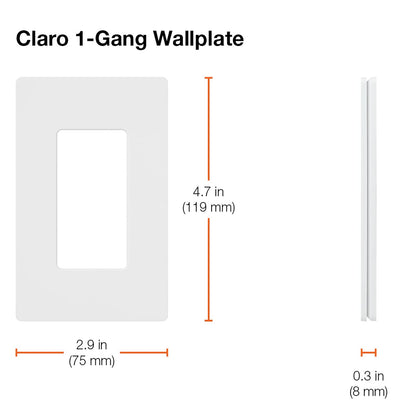 Lutron Claro 1 Gang Decorator Wallplate, SC-1-TP, Taupe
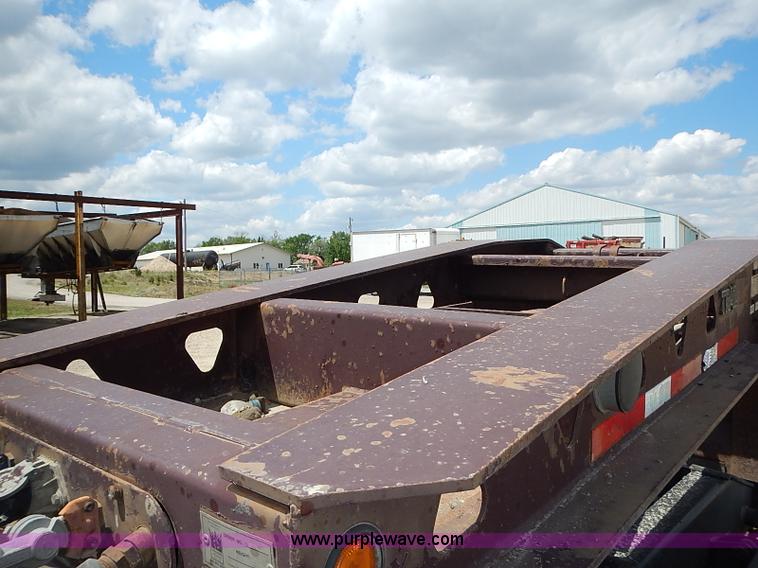 image for item J3199 1995 Trail King lowboy trailer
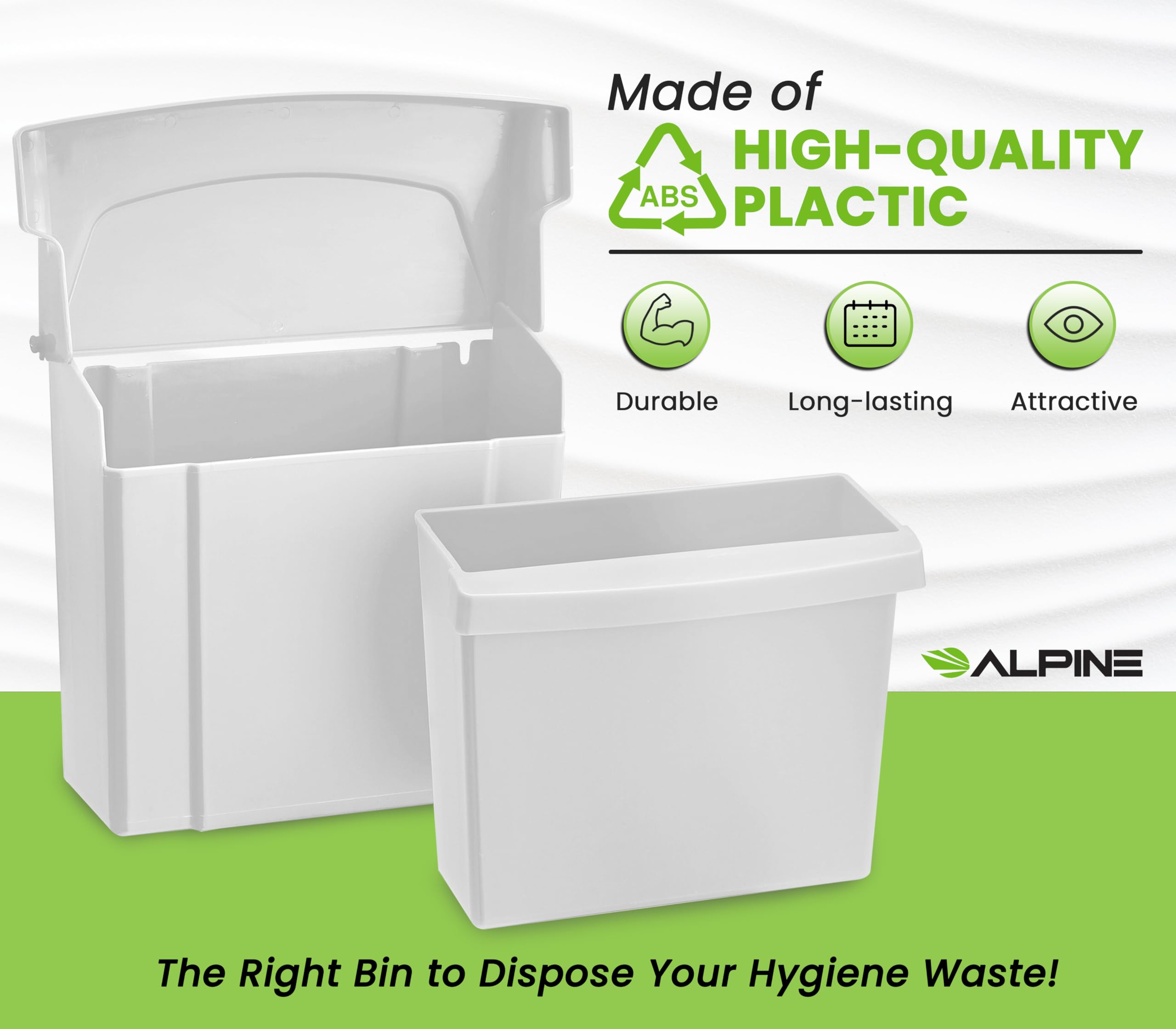 Sanitary Napkin Receptacle - Feminine Hygiene Disposal Container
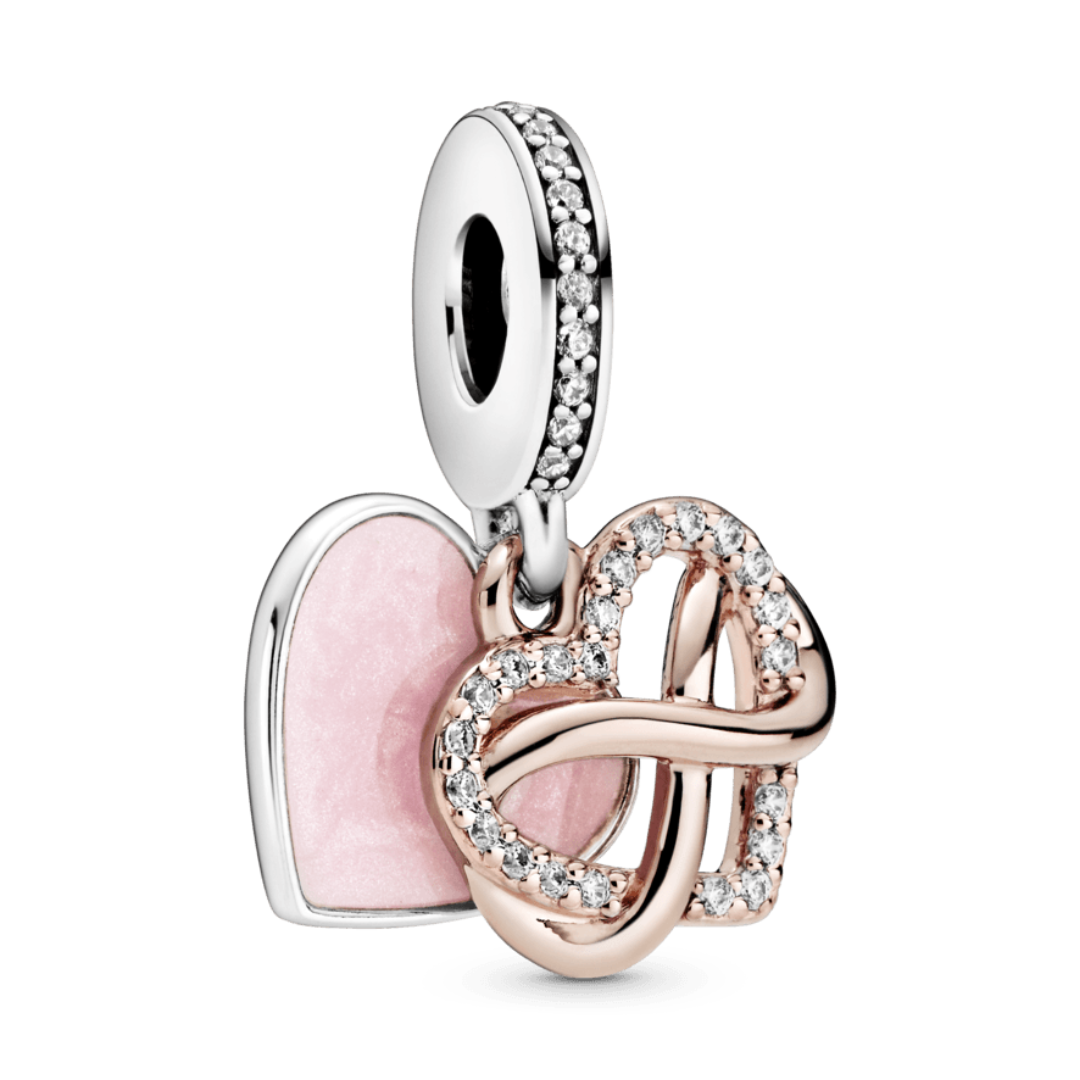 14K ROSE GOLD INFINITY HEART PENDANT CHARM PANDORA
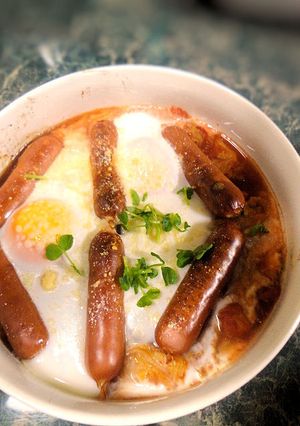 白菜とソーセージのフラメンカエッグ-レシピのメイン写真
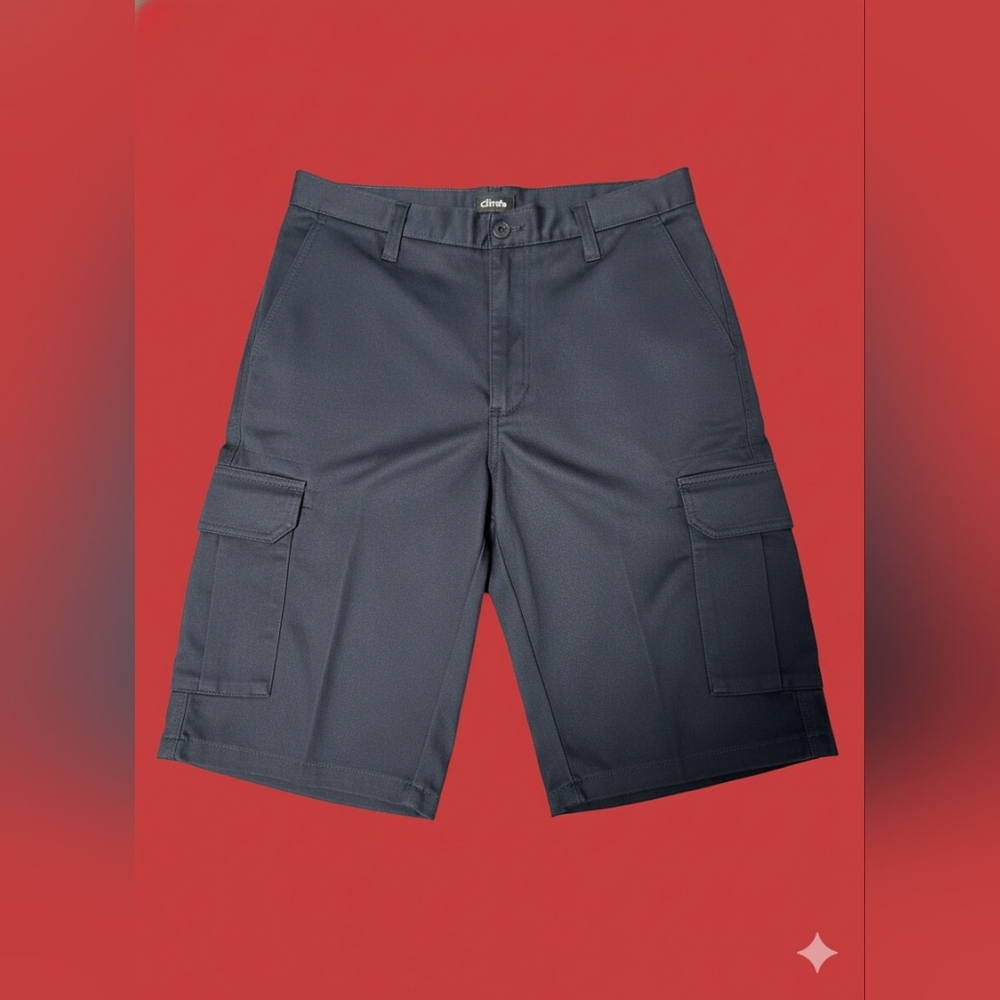 Comfort Flex Men's Dark Blue Cargo Shorts
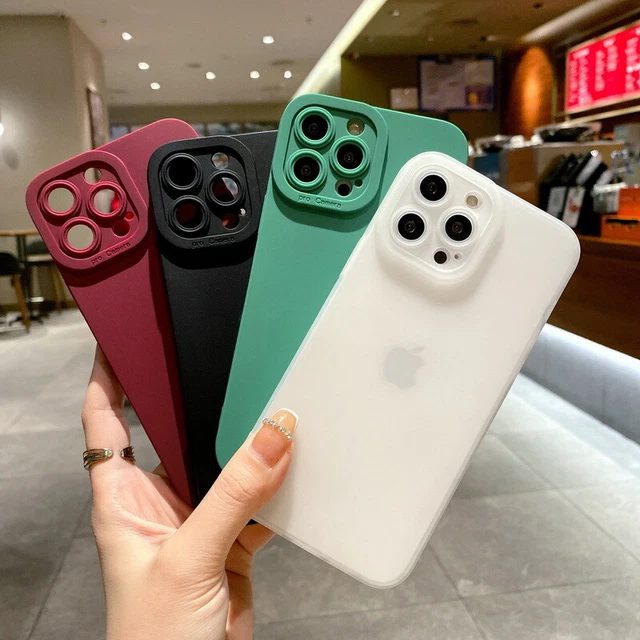 For iPhone 15 14 Pro Max 13 12 11 XR XS X Silicone Shockproof Color Case Cover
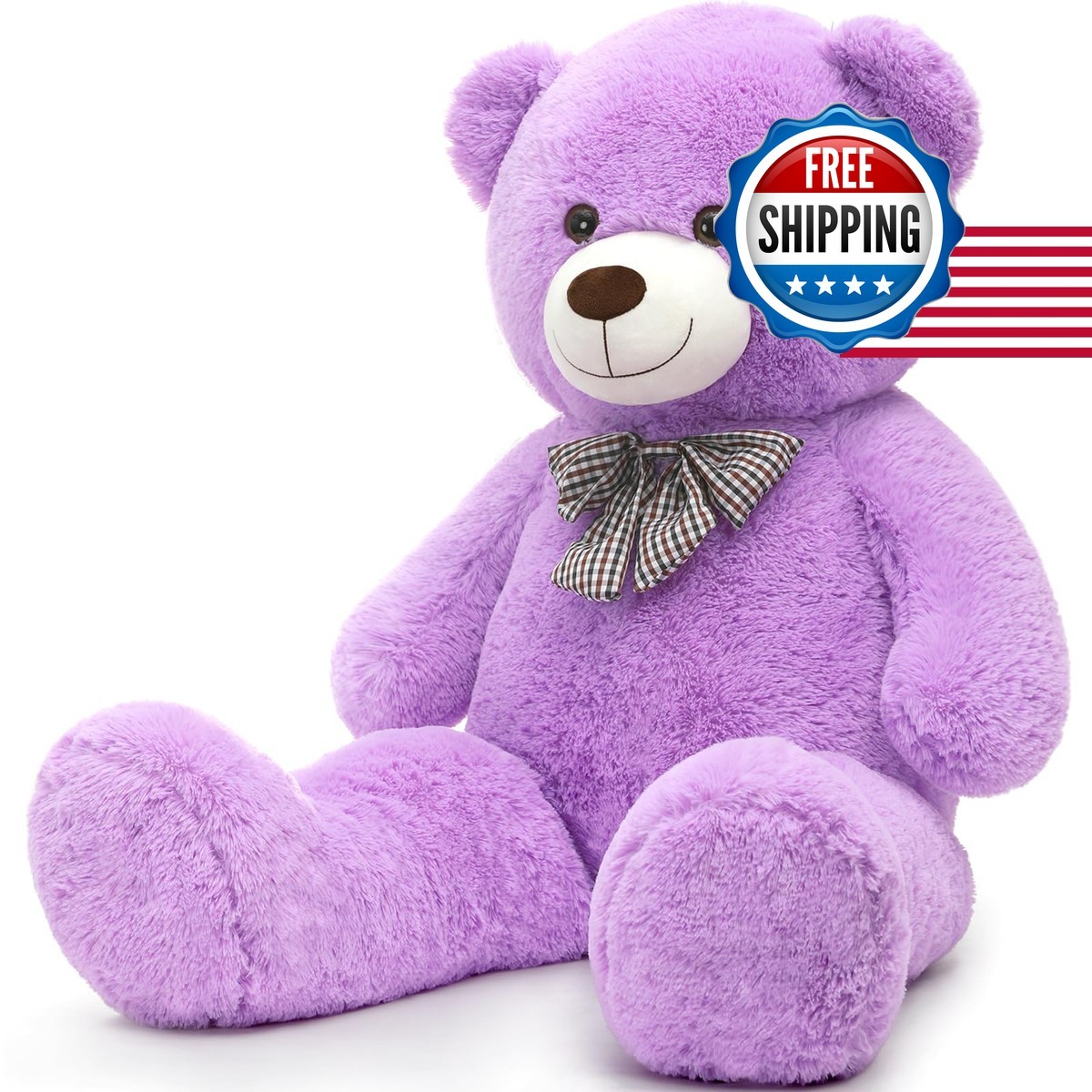 MorisMos Large Teddy Bear 39 Inch Giant Stuffed Bear Plush Purple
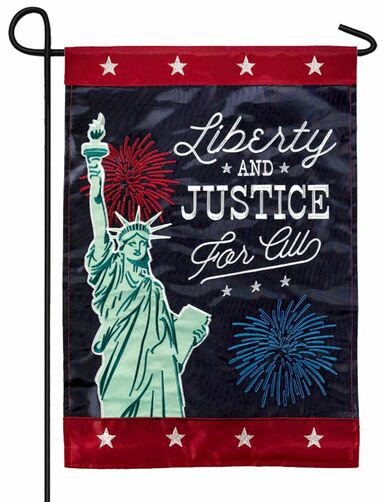 Liberty and Justice Double Applique Garden Flag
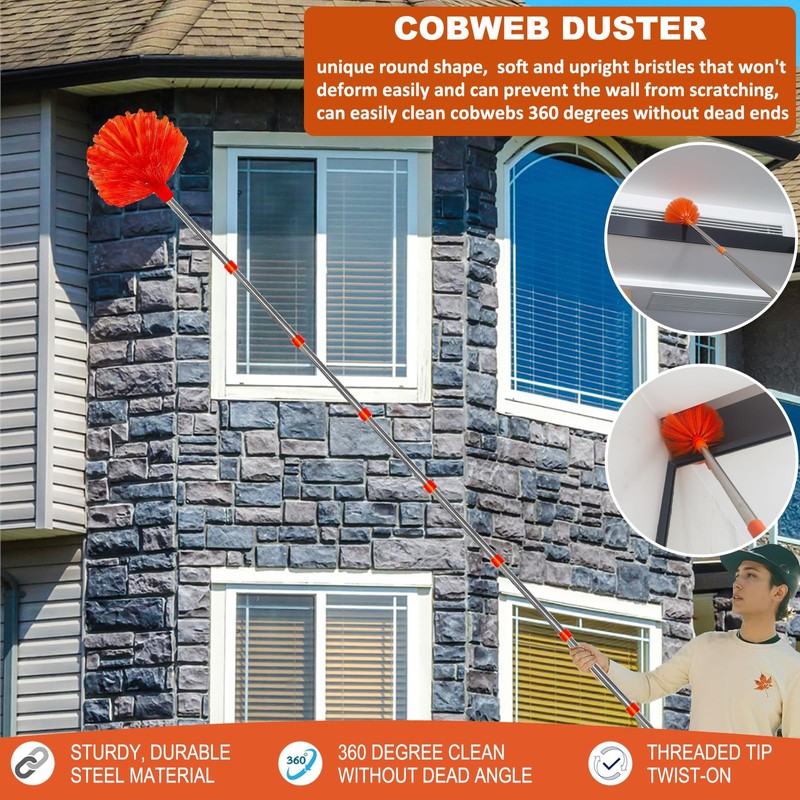 20+ Feet High Reach Duster Kit with 3-14 ft Extension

________________________________________

[ASSIGNED TASK]: Each entry above is to be restated exactly, without its images.

[TASK RESPONSE]:
 Lutron Claro 1 Gang Decorator Wallplate, SC-1-TP, Taupe
 image for item J3199 1995 Trail King lowboy trailer
 Sanitary Napkin Receptacle - Feminine Hygiene Disposal Container
 14K ROSE GOLD INFINITY HEART PENDANT CHARM PANDORA
 白菜とソーセージのフラメンカエッグ-レシピのメイン写真
 Comfort Flex Men's Dark Blue Cargo Shorts
 For iPhone 15 14 Pro Max 13 12 11 XR XS X Silicone Shockproof Color Case Cover
 MorisMos Large Teddy Bear 39 Inch Giant Stuffed Bear Plush Purple
 Liberty and Justice Double Applique Garden Flag
 20+ Feet High Reach Duster Kit with 3-14 ft Extension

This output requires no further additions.